Using cache found in /home/matthew/.cache/torch/hub/snakers4_silero-models_master


In [5]:
def read_ebook(ebook_path):
    
    import ebooklib
    from ebooklib import epub
    from bs4 import BeautifulSoup
    from tqdm.notebook import tqdm
    from nltk import tokenize, download
    from textwrap import TextWrapper
    
    download('punkt')
    wrapper = TextWrapper(max_char_len, fix_sentence_endings=True)
    
    book = epub.read_epub(ebook_path)

    corpus = []
    for item in tqdm(list(book.get_items())):
        if item.get_type() == ebooklib.ITEM_DOCUMENT:
            input_text = BeautifulSoup(item.get_content(), "html.parser").text
            text_list = []
            for paragraph in input_text.split('\n'):
                paragraph = paragraph.replace('—', '-')
                sentences = tokenize.sent_tokenize(paragraph)
                
                # Truncate sentences to maximum character limit
                sentence_list = []
                for sentence in sentences:
                    wrapped_sentences = wrapper.wrap(sentence)
                    sentence_list.append(wrapped_sentences)
                # Flatten list of list of sentences
                trunc_sentences = [phrase for sublist in sentence_list for phrase in sublist]
                
                text_list.append(trunc_sentences)
            text_list = [text for sentences in text_list for text in sentences]
            corpus.append(text_list)

    return corpus

In [6]:
ebook = read_ebook(ebook_path)

[nltk_data] Downloading package punkt to /home/matthew/nltk_data...
[nltk_data]   Package punkt is already up-to-date!


  0%|          | 0/28 [00:00<?, ?it/s]

In [7]:
for chapter in tqdm(ebook):
    chapter_index = f'{ebook.index(chapter):03}'
    audio_list = []
    for sentence in tqdm(chapter):
        audio = model.apply_tts(text=sentence,
                            speaker=speaker,
                            sample_rate=sample_rate)
        if len(audio) > 0 and isinstance(audio, torch.Tensor):
            audio_list.append(audio)
        else:
            print(f'Tensor for sentence is not valid: \n {sentence}')

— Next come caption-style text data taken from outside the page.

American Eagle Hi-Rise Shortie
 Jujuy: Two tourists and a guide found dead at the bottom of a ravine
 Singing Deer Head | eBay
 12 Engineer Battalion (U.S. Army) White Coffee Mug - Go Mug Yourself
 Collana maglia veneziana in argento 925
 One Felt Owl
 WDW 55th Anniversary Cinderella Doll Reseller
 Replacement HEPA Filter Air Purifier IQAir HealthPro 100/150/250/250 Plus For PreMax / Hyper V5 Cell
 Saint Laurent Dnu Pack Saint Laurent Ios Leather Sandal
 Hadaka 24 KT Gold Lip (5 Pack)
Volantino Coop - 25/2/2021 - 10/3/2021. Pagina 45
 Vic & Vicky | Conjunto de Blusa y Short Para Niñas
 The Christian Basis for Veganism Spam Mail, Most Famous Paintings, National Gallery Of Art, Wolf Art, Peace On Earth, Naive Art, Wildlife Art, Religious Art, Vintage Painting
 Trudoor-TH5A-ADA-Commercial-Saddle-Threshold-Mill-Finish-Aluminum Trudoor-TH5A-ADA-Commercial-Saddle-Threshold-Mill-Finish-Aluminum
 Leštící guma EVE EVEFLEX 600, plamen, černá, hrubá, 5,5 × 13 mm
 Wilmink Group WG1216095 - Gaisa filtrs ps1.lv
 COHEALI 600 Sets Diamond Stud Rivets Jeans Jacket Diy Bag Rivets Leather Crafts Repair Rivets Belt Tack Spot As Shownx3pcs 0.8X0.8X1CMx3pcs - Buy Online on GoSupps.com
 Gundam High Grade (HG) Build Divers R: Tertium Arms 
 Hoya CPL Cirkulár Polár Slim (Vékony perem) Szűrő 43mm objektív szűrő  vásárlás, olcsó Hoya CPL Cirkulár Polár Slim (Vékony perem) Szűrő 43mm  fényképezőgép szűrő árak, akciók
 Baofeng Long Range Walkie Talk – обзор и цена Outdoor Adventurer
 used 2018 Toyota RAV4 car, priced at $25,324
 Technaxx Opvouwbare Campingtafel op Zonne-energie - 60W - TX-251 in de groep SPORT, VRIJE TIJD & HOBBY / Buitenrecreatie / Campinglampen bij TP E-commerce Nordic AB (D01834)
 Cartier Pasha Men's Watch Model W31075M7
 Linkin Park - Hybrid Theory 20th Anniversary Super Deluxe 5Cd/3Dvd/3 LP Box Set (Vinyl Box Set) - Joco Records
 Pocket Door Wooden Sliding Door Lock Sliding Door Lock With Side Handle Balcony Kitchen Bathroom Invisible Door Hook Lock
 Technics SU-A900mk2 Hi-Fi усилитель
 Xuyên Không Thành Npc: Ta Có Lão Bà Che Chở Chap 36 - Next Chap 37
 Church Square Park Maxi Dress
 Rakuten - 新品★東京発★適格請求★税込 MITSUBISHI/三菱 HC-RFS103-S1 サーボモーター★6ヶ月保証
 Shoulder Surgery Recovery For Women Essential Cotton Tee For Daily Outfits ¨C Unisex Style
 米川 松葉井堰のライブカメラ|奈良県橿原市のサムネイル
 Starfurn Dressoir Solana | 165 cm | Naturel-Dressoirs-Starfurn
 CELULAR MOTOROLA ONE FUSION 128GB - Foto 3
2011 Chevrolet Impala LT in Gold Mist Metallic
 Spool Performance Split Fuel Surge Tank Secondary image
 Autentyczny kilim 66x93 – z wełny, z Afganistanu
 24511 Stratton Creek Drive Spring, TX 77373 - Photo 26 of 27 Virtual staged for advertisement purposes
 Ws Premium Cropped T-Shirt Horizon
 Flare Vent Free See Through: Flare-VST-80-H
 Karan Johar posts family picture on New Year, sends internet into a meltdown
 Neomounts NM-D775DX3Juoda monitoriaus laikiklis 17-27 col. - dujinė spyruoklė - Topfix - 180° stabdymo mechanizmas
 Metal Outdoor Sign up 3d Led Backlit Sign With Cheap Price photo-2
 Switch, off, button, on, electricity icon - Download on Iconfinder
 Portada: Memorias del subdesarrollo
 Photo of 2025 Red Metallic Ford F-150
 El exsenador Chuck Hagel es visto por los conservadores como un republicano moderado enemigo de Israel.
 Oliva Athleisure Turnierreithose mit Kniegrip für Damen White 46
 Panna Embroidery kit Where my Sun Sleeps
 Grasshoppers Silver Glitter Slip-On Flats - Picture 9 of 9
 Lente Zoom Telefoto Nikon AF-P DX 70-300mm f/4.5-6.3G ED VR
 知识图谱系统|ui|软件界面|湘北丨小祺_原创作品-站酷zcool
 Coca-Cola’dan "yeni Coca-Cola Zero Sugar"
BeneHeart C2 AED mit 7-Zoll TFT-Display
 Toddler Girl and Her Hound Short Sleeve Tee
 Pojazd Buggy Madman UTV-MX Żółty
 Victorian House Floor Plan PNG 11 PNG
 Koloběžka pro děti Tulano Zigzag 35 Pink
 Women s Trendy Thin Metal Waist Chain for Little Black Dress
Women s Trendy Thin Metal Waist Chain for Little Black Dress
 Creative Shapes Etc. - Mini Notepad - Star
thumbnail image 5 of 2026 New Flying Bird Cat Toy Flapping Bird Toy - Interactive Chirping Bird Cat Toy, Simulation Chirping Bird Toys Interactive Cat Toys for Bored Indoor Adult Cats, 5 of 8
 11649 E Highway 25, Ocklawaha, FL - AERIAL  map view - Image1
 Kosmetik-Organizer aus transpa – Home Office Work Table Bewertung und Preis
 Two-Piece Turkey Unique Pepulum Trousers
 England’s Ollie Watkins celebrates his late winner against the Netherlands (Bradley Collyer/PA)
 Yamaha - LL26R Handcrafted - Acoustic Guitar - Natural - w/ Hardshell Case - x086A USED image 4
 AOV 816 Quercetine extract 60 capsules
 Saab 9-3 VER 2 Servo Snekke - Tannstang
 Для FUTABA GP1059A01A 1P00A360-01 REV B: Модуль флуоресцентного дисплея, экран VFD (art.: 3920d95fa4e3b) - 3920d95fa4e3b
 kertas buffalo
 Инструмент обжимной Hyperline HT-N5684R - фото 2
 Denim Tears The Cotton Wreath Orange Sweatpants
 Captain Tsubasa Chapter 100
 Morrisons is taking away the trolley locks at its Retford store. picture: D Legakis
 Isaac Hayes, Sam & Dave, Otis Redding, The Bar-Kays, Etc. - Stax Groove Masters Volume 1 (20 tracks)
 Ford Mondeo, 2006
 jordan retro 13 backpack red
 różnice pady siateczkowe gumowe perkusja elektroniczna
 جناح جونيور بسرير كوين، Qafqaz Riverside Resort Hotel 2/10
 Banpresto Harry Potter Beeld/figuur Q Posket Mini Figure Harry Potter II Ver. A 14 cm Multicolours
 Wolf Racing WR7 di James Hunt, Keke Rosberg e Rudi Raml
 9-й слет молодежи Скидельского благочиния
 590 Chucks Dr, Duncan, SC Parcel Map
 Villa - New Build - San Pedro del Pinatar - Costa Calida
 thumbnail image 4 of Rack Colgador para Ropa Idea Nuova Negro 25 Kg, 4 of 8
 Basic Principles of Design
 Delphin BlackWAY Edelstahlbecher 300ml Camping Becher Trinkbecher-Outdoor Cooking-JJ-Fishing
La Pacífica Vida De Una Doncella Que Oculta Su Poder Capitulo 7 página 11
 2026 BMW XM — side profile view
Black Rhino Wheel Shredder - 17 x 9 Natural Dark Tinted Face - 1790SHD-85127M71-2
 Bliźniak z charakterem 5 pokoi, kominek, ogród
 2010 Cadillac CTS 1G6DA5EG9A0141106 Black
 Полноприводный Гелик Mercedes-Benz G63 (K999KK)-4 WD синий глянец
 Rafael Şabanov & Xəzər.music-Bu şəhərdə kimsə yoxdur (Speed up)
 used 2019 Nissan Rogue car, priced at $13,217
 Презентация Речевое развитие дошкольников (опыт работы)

    sample_path = "outputs/silero/chapter"+str(chapter_index)+".wav"
    
    if len(audio_list) > 0:
        audio_file = torch.cat(audio_list).reshape(1,-1)
        torchaudio.save(sample_path, audio_file, sample_rate)
    else:
        print(f'Chapter {chapter_index} is empty.')

  0%|          | 0/23 [00:00<?, ?it/s]

  0%|          | 0/38 [00:00<?, ?it/s]

  0%|          | 0/36 [00:00<?, ?it/s]

  0%|          | 0/383 [00:00<?, ?it/s]

  0%|          | 0/517 [00:00<?, ?it/s]

  0%|          | 0/385 [00:00<?, ?it/s]

  0%|          | 0/491 [00:00<?, ?it/s]

  0%|          | 0/440 [00:00<?, ?it/s]

  0%|          | 0/254 [00:00<?, ?it/s]

  0%|          | 0/419 [00:00<?, ?it/s]

  0%|          | 0/463 [00:00<?, ?it/s]

  0%|          | 0/361 [00:00<?, ?it/s]

  0%|          | 0/253 [00:00<?, ?it/s]

  0%|          | 0/401 [00:00<?, ?it/s]

  0%|          | 0/256 [00:00<?, ?it/s]

  0%|          | 0/233 [00:00<?, ?it/s]

  0%|          | 0/405 [00:00<?, ?it/s]

  0%|          | 0/279 [00:00<?, ?it/s]

  0%|          | 0/275 [00:00<?, ?it/s]

  0%|          | 0/216 [00:00<?, ?it/s]

  0%|          | 0/323 [00:00<?, ?it/s]

  0%|          | 0/352 [00:00<?, ?it/s]

  0%|          | 0/374 [00:00<?, ?it/s]

0it [00:00, ?it/s]

Chapter 022 is empty.


### Results

##### CPU (i7-4790k)

Running "Pride and Prejudice" through the Silero model took **34m42s** to convert. This book is a good representation of the average book length: the average audiobook length on Audible is between 10 & 12 hours, while Pride and Prejudice is 11h20m.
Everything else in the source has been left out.